Saturday 1 October 2016

Why I'm Okay With Being #foreveralone


I have decided to do a 30 day blogging challenge, to bring some creativity and spark into my life. As I mentioned on Thursday, I quit my full time job last week to pursue a career in my field of study. My life is changing and evolving a lot faster than I thought it would ever. I decided that it would be fun to do this challenge for the month of October to help me keep the creative juices following as I continue to adapt to the changes in my life.

The term #foreveralone

I went on Urban Dictionary and there are several definitions of the term “forever alone”. I thought that I would share my top three.
1.       “An individual who will never have a boyfriend/girlfriend and will never get married, most likely spend of their time on the internet or making faces and/or noises to themselves. This person will probably have one real friend and die with 32 cats.”
2.       “Being so incompatible with the rest of humanity that you will never find anyone willing to date you.”
3.       “Being single”
Honestly I’m not 100% where I fit in with those definitions, but I know I’m somewhere. I think that #2 is probably the most like me. In the post I wrote last week to my ex-boyfriend, I mentioned how emotionally damaged I am from my relationship with him. At the age of 23, I feel as though I am growing through the phase where all of my friends are either getting into a serious relationship or are too wine drunk to even remember their names.

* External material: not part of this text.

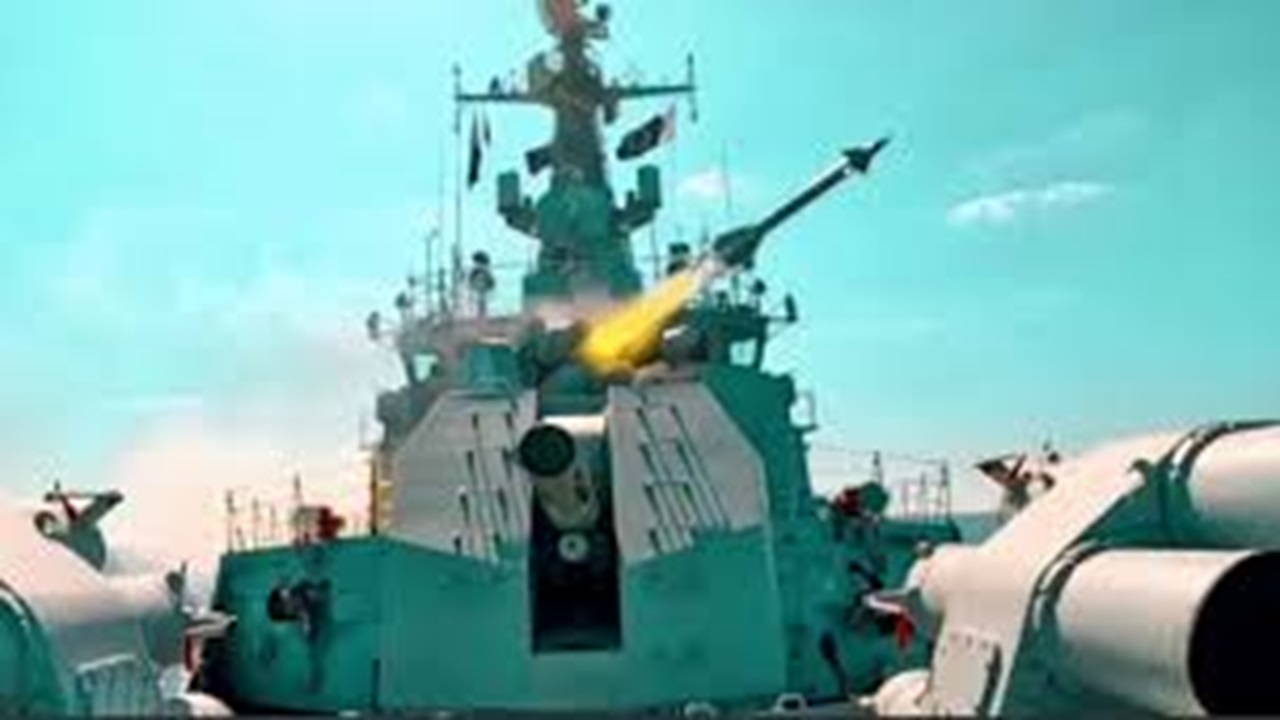 نیروی دریایی پاکستان سامانه موشکی آزمایش کرد + فیلم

Why I’m Okay With Being Single

I actually had this discussion with one of my friends a few weeks ago. I feel like I’ve been in a relationship, or had a fling with someone since 16. I haven’t really had any flings since my ex and I broke up in February. I’ve gone on a few dates but nothing has ever really turned into something more.
Right now, I’m 23 and focusing my ambitions on being a #girlboss. The term girl boss came from the bestselling book, Girl Boss. A #girlboss is also known as an ambitionista, who is someone driven to succeed in her career. At 23, I scored my dream job even if it is only part-time. Next goal is full time, but that’s a work in progress… right?
With that being said, I am so career driven that I think that a gentleman in my life may hold me back. Right now, I’d be content with packing up and moving across the country for a job I wanted badly enough. I know that depending on the situation that I was in, I couldn’t. I had that dilemma when I wanted to apply for university in Newfoundland but I was in a serious relationship. I don’t want to have to make that choice again.

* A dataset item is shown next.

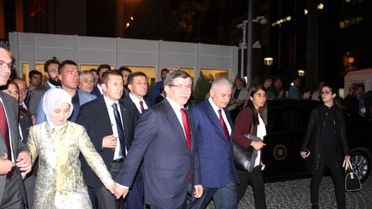 Başbakan Davutoğlu'ndan Eşiyle El Ele İzmir Turu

Five Reasons I’m Comfortable with Being Single

I read this Thought Catalog article when writing my post, and I instantly fell in love with it. I thought I would share my five favourites from the post.
1.       “When someone asks about your relationship status, you answer honestly without batting an eye, because you don’t see anything embarrassing about being alone in a couple-filled world.”
2.       “Your calendar is always full: vacations, breakfast/lunch/dinner with old friends, movie date with your siblings or friends, seminars and other important activities outside work/school.”
3.       “You forgot how it is to be dating or be in a relationship. How many times do you need to send them messages? Which decisions do you need to consult with them? Do they need to know where you’re going for lunch and what you’re having?”
4.       “Your heart goes out to those who are afraid to be alone and wish they’ll someday see the light and embrace singleness.”
5.       “You’re not bitter about your failed relationships anymore. You are actually grateful that they ended. If it didn’t, you wouldn’t be this happy right now.”

 

My single lady playlist

Honestly, throw in Sorry by Beyonce and this playlist would be my life motto right now. Nothing feels better to me that sitting with a glass of wine and playing with my cat or having a dance party to this playlist.
I’m okay with being alone. I needed to be alone, I needed this experience. I am so blessed for the relationships that I have had, they’ve thought me so much. I cannot wait to continue to grow as a human being and maybe I will find someone but I’m not sitting around worrying about it.


What’s your relationship status? Are you okay with it?